Hi All,
I run a Spark streaming application (Spark 1.2.0) on YARN (Hadoop 2.5.2) with
Spark event log enabled. I set the checkpoint dir in the streaming context and
run the app. It started in YARN with application id 'app_id_1' and created the
Spark event log dir /spark/applicationHistory/app_id_1. I killed the app and
rerun it with the same checkpoint dir, this time it had a different YARN
application id 'app_id_2'. However, rerun failed due to Log directory already
exists:
Exception in thread "Driver" java.io.IOException: Log directory
hdfs://xxx:8020/spark/applicationHistory/app_id_1 already exists!
at org.apache.spark.util.FileLogger.createLogDir(FileLogger.scala:129)
at org.apache.spark.util.FileLogger.start(FileLogger.scala:115)
at
org.apache.spark.scheduler.EventLoggingListener.start(EventLoggingListener.scala:74)
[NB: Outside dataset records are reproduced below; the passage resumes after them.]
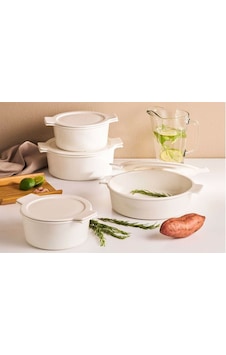 Porland Cookland Isıya Dayanıklı Beyaz Tencere Takımı 6 Parça Porland Cookland Isıya Dayanıklı Beyaz Tencere Takımı 6 Parça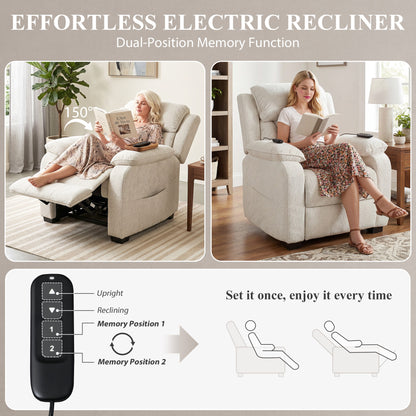 HOMCOM Power Recliner Armchair with Massage and Heat, Electric Reclining Chair with Wide Spring Seat, Cream White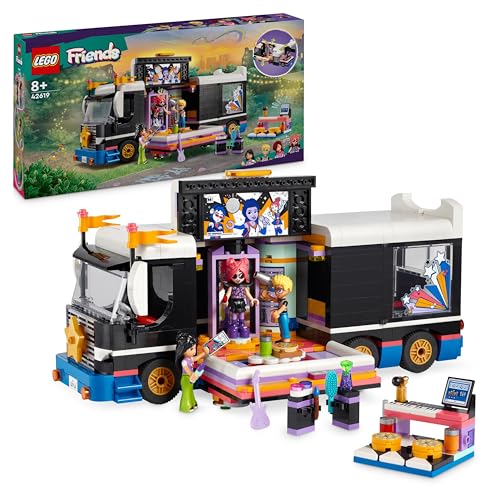 LEGO Friends Tour Bus delle Pop Star, Giochi Musicali per Bambine e Bambini da 8 Anni in su con Modellino da Costruire di Autobus Giocattolo e 4 Mini Bamboline di Paisley, Ley-La, Olly e Liann 42619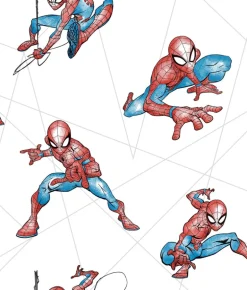 DI0939 Red/Blue/Gray Spider-Man Fracture Wallpaper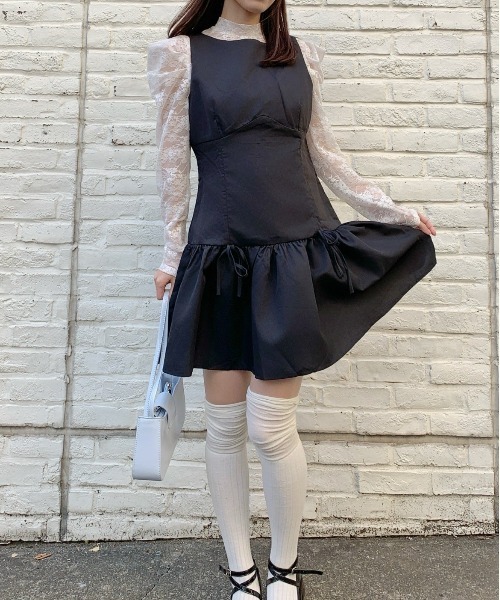 Silly（シリー）の「ノースリーブリボンミニワンピース（ワンピース・レディース・ホワイト/ブラック・FREE）」の16枚目の写真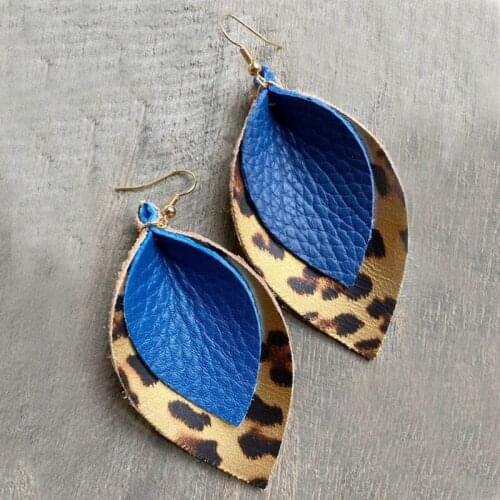 Best Selling Valentines Day New Leopard Doubles Leather Earrings Layered Multicolor Gold Metallic Pinch Style Leaf Earrings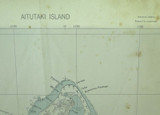 Rare Very Large WW2 USA Nautical & Land Map of Aitutaki, Cook Islands, Pacific.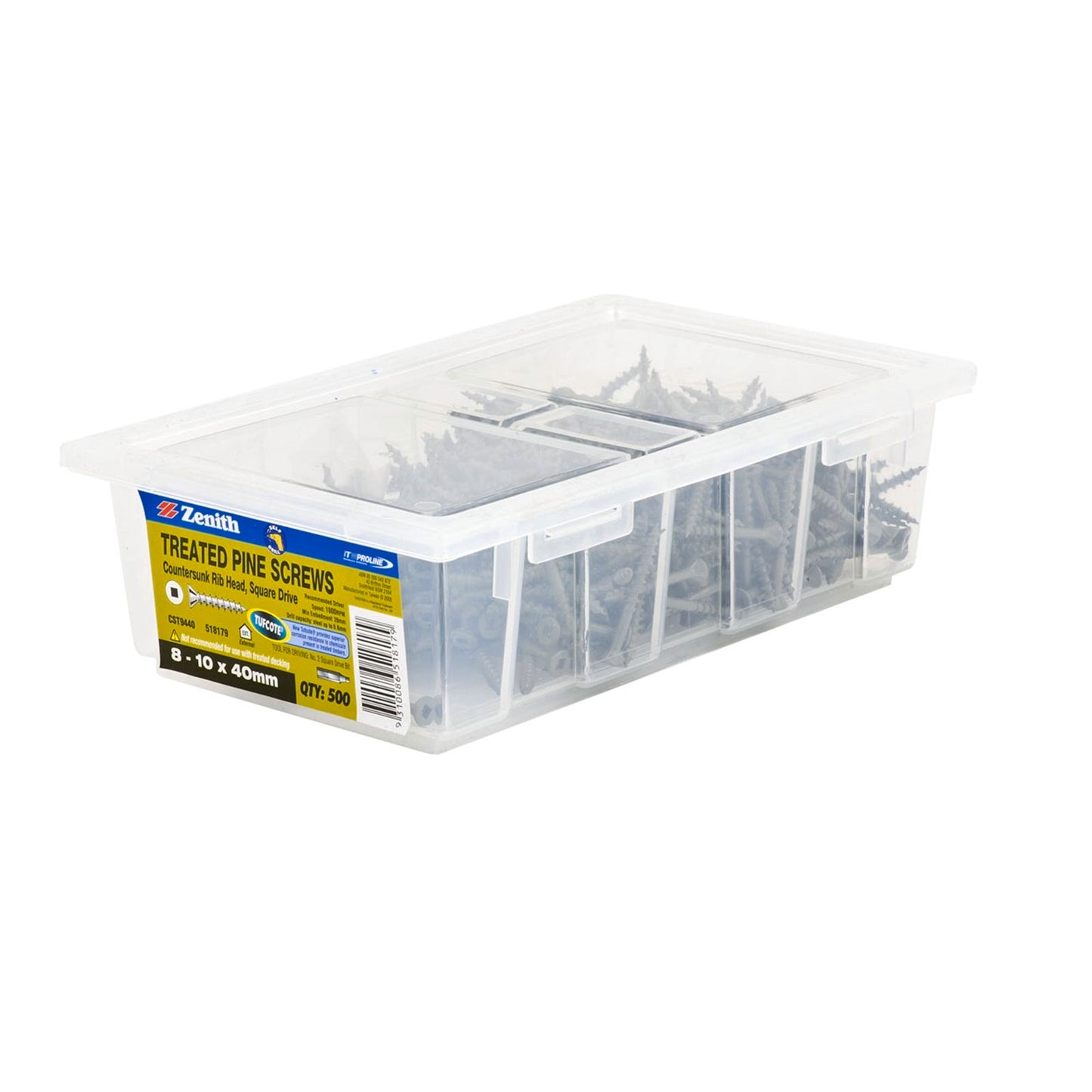 Zenith Tufcote Countersunk Rib Head Screws - 10 x 40mm - 500 Pack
at org.apache.spark.SparkContext.<init>(SparkContext.scala:353)
at
org.apache.spark.streaming.StreamingContext.<init>(StreamingContext.scala:118)
at
org.apache.spark.streaming.StreamingContext$$anonfun$getOrCreate$1.apply(StreamingContext.scala:561)
at
org.apache.spark.streaming.StreamingContext$$anonfun$getOrCreate$1.apply(StreamingContext.scala:561)
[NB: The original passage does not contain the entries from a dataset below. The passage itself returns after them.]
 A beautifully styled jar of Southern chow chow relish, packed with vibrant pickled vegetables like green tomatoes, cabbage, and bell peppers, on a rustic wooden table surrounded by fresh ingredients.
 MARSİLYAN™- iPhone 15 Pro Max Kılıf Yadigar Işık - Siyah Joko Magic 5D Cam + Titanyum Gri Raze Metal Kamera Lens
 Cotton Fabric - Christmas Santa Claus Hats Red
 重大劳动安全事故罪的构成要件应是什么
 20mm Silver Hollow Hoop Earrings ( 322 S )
at scala.Option.map(Option.scala:145)
at
org.apache.spark.streaming.StreamingContext$.getOrCreate(StreamingContext.scala:561)
at
org.apache.spark.streaming.api.java.JavaStreamingContext$.getOrCreate(JavaStreamingContext.scala:566)
at
org.apache.spark.streaming.api.java.JavaStreamingContext.getOrCreate(JavaStreamingContext.scala)
at
com.xxx.spark.streaming.JavaKafkaSparkHbase.main(JavaKafkaSparkHbase.java:121)
at sun.reflect.NativeMethodAccessorImpl.invoke0(Native Method)
at
sun.reflect.NativeMethodAccessorImpl.invoke(NativeMethodAccessorImpl.java:57)
at
sun.reflect.DelegatingMethodAccessorImpl.invoke(DelegatingMethodAccessorImpl.java:43)
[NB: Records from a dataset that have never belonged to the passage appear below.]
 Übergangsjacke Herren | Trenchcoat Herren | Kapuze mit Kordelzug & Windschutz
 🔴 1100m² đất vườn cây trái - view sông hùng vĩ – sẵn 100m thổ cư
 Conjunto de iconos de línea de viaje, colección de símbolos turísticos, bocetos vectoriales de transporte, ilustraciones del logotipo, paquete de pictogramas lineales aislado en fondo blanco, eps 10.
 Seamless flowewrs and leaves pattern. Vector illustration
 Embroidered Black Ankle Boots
at java.lang.reflect.Method.invoke(Method.java:606)
at
org.apache.spark.deploy.yarn.ApplicationMaster$$anon$2.run(ApplicationMaster.scala:427)
Is this an expected behavior? When recoverying from the checkpoint, shouldn't
an event log dir with the name of a new application id created (in the above
example, rerun should create /spark/applicationHistory/app_id_2)?
Thanks,
Max